▶ [Work task] The answer should consist of every record, reproduced exactly.
-----
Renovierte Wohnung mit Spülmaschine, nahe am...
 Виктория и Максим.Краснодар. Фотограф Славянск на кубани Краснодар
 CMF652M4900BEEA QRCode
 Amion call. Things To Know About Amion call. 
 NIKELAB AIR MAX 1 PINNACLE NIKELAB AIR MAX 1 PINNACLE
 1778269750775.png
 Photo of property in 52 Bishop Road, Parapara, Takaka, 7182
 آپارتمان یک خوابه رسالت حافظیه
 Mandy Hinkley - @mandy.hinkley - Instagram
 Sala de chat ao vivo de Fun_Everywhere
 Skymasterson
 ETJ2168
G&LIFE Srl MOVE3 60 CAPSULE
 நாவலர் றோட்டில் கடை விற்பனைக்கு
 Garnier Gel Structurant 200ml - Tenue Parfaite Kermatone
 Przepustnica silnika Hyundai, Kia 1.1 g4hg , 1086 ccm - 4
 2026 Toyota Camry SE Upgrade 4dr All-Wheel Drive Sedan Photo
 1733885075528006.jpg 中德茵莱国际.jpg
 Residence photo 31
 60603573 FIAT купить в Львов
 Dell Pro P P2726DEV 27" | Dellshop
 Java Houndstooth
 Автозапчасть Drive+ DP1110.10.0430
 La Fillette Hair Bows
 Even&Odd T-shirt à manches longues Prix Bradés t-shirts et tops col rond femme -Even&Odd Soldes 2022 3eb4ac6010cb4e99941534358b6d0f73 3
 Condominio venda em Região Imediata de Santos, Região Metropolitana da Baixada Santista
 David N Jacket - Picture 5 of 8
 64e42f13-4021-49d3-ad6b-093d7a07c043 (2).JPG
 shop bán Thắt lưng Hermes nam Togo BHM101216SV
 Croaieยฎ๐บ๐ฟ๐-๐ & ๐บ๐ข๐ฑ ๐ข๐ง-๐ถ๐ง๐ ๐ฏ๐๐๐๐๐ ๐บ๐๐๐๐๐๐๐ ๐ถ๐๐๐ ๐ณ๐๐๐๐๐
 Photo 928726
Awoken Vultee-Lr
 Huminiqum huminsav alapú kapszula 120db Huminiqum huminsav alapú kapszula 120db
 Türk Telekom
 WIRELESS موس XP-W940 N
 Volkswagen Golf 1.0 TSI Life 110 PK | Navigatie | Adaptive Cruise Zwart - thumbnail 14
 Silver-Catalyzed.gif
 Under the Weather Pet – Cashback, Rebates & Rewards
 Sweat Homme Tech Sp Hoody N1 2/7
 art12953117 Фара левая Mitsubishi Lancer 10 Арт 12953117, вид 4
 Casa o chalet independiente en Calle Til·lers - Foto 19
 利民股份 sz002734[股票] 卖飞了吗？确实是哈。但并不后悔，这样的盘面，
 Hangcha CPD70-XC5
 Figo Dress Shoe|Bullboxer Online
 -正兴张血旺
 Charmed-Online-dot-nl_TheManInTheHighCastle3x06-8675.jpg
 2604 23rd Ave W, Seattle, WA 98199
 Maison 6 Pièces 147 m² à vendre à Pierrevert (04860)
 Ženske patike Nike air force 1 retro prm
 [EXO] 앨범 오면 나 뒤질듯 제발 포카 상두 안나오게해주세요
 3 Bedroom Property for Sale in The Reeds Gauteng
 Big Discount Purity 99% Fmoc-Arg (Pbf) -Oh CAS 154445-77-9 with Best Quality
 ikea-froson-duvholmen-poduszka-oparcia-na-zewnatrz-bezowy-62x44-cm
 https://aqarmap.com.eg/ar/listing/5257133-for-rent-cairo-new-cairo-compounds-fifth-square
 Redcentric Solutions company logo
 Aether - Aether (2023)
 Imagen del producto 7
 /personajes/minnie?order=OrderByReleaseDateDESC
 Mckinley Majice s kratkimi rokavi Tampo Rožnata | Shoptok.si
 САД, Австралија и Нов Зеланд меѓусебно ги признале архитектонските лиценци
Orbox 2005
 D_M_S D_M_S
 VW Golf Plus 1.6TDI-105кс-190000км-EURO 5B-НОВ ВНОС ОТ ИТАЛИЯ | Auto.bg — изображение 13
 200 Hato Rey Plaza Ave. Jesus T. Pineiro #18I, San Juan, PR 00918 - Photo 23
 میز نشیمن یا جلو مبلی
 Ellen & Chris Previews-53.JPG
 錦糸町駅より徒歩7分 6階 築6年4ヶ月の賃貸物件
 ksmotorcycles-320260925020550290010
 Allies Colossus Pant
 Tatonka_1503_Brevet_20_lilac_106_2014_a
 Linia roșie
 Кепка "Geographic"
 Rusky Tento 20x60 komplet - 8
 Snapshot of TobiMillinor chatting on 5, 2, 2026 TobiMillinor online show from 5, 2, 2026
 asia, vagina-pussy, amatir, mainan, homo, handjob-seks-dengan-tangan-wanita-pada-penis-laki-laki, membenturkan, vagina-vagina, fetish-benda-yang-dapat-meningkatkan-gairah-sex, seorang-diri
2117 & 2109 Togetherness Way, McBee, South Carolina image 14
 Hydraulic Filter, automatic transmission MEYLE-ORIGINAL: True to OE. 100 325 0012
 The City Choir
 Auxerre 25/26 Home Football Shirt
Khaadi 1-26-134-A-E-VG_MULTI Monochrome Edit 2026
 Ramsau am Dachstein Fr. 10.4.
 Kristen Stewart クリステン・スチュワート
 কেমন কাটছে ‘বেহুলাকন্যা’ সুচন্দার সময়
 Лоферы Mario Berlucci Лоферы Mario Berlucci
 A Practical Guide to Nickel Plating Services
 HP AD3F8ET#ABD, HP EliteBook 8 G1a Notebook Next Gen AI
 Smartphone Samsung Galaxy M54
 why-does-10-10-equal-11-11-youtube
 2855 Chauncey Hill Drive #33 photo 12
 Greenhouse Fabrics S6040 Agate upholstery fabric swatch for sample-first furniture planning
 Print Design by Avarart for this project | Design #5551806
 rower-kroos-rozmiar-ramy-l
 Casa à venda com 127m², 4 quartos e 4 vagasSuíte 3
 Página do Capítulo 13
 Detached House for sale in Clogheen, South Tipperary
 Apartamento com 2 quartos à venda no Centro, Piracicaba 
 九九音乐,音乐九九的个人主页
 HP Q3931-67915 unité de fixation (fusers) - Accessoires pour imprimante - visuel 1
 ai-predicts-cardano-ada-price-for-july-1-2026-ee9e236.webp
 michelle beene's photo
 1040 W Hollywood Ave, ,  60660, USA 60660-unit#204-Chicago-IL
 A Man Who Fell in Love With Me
-----
▶ [Answer area]
Renovierte Wohnung mit Spülmaschine, nahe am...
 Виктория и Максим.Краснодар. Фотограф Славянск на кубани Краснодар
 CMF652M4900BEEA QRCode
 Amion call. Things To Know About Amion call. 
 NIKELAB AIR MAX 1 PINNACLE NIKELAB AIR MAX 1 PINNACLE
 1778269750775.png
 Photo of property in 52 Bishop Road, Parapara, Takaka, 7182
 آپارتمان یک خوابه رسالت حافظیه
 Mandy Hinkley - @mandy.hinkley - Instagram
 Sala de chat ao vivo de Fun_Everywhere
 Skymasterson
 ETJ2168
G&LIFE Srl MOVE3 60 CAPSULE
 நாவலர் றோட்டில் கடை விற்பனைக்கு
 Garnier Gel Structurant 200ml - Tenue Parfaite Kermatone
 Przepustnica silnika Hyundai, Kia 1.1 g4hg , 1086 ccm - 4
 2026 Toyota Camry SE Upgrade 4dr All-Wheel Drive Sedan Photo
 1733885075528006.jpg 中德茵莱国际.jpg
 Residence photo 31
 60603573 FIAT купить в Львов
 Dell Pro P P2726DEV 27" | Dellshop
 Java Houndstooth
 Автозапчасть Drive+ DP1110.10.0430
 La Fillette Hair Bows
 Even&Odd T-shirt à manches longues Prix Bradés t-shirts et tops col rond femme -Even&Odd Soldes 2022 3eb4ac6010cb4e99941534358b6d0f73 3
 Condominio venda em Região Imediata de Santos, Região Metropolitana da Baixada Santista
 David N Jacket - Picture 5 of 8
 64e42f13-4021-49d3-ad6b-093d7a07c043 (2).JPG
 shop bán Thắt lưng Hermes nam Togo BHM101216SV
 Croaieยฎ๐บ๐ฟ๐-๐ & ๐บ๐ข๐ฑ ๐ข๐ง-๐ถ๐ง๐ ๐ฏ๐๐๐๐๐ ๐บ๐๐๐๐๐๐๐ ๐ถ๐๐๐ ๐ณ๐๐๐๐๐
 Photo 928726
Awoken Vultee-Lr
 Huminiqum huminsav alapú kapszula 120db Huminiqum huminsav alapú kapszula 120db
 Türk Telekom
 WIRELESS موس XP-W940 N
 Volkswagen Golf 1.0 TSI Life 110 PK | Navigatie | Adaptive Cruise Zwart - thumbnail 14
 Silver-Catalyzed.gif
 Under the Weather Pet – Cashback, Rebates & Rewards
 Sweat Homme Tech Sp Hoody N1 2/7
 art12953117 Фара левая Mitsubishi Lancer 10 Арт 12953117, вид 4
 Casa o chalet independiente en Calle Til·lers - Foto 19
 利民股份 sz002734[股票] 卖飞了吗？确实是哈。但并不后悔，这样的盘面，
 Hangcha CPD70-XC5
 Figo Dress Shoe|Bullboxer Online
 -正兴张血旺
 Charmed-Online-dot-nl_TheManInTheHighCastle3x06-8675.jpg
 2604 23rd Ave W, Seattle, WA 98199
 Maison 6 Pièces 147 m² à vendre à Pierrevert (04860)
 Ženske patike Nike air force 1 retro prm
 [EXO] 앨범 오면 나 뒤질듯 제발 포카 상두 안나오게해주세요
 3 Bedroom Property for Sale in The Reeds Gauteng
 Big Discount Purity 99% Fmoc-Arg (Pbf) -Oh CAS 154445-77-9 with Best Quality
 ikea-froson-duvholmen-poduszka-oparcia-na-zewnatrz-bezowy-62x44-cm
 https://aqarmap.com.eg/ar/listing/5257133-for-rent-cairo-new-cairo-compounds-fifth-square
 Redcentric Solutions company logo
 Aether - Aether (2023)
 Imagen del producto 7
 /personajes/minnie?order=OrderByReleaseDateDESC
 Mckinley Majice s kratkimi rokavi Tampo Rožnata | Shoptok.si
 САД, Австралија и Нов Зеланд меѓусебно ги признале архитектонските лиценци
Orbox 2005
 D_M_S D_M_S
 VW Golf Plus 1.6TDI-105кс-190000км-EURO 5B-НОВ ВНОС ОТ ИТАЛИЯ | Auto.bg — изображение 13
 200 Hato Rey Plaza Ave. Jesus T. Pineiro #18I, San Juan, PR 00918 - Photo 23
 میز نشیمن یا جلو مبلی
 Ellen & Chris Previews-53.JPG
 錦糸町駅より徒歩7分 6階 築6年4ヶ月の賃貸物件
 ksmotorcycles-320260925020550290010
 Allies Colossus Pant
 Tatonka_1503_Brevet_20_lilac_106_2014_a
 Linia roșie
 Кепка "Geographic"
 Rusky Tento 20x60 komplet - 8
 Snapshot of TobiMillinor chatting on 5, 2, 2026 TobiMillinor online show from 5, 2, 2026
 asia, vagina-pussy, amatir, mainan, homo, handjob-seks-dengan-tangan-wanita-pada-penis-laki-laki, membenturkan, vagina-vagina, fetish-benda-yang-dapat-meningkatkan-gairah-sex, seorang-diri
2117 & 2109 Togetherness Way, McBee, South Carolina image 14
 Hydraulic Filter, automatic transmission MEYLE-ORIGINAL: True to OE. 100 325 0012
 The City Choir
 Auxerre 25/26 Home Football Shirt
Khaadi 1-26-134-A-E-VG_MULTI Monochrome Edit 2026
 Ramsau am Dachstein Fr. 10.4.
 Kristen Stewart クリステン・スチュワート
 কেমন কাটছে ‘বেহুলাকন্যা’ সুচন্দার সময়
 Лоферы Mario Berlucci Лоферы Mario Berlucci
 A Practical Guide to Nickel Plating Services
 HP AD3F8ET#ABD, HP EliteBook 8 G1a Notebook Next Gen AI
 Smartphone Samsung Galaxy M54
 why-does-10-10-equal-11-11-youtube
 2855 Chauncey Hill Drive #33 photo 12
 Greenhouse Fabrics S6040 Agate upholstery fabric swatch for sample-first furniture planning
 Print Design by Avarart for this project | Design #5551806
 rower-kroos-rozmiar-ramy-l
 Casa à venda com 127m², 4 quartos e 4 vagasSuíte 3
 Página do Capítulo 13
 Detached House for sale in Clogheen, South Tipperary
 Apartamento com 2 quartos à venda no Centro, Piracicaba 
 九九音乐,音乐九九的个人主页
 HP Q3931-67915 unité de fixation (fusers) - Accessoires pour imprimante - visuel 1
 ai-predicts-cardano-ada-price-for-july-1-2026-ee9e236.webp
 michelle beene's photo
 1040 W Hollywood Ave, ,  60660, USA 60660-unit#204-Chicago-IL
 A Man Who Fell in Love With Me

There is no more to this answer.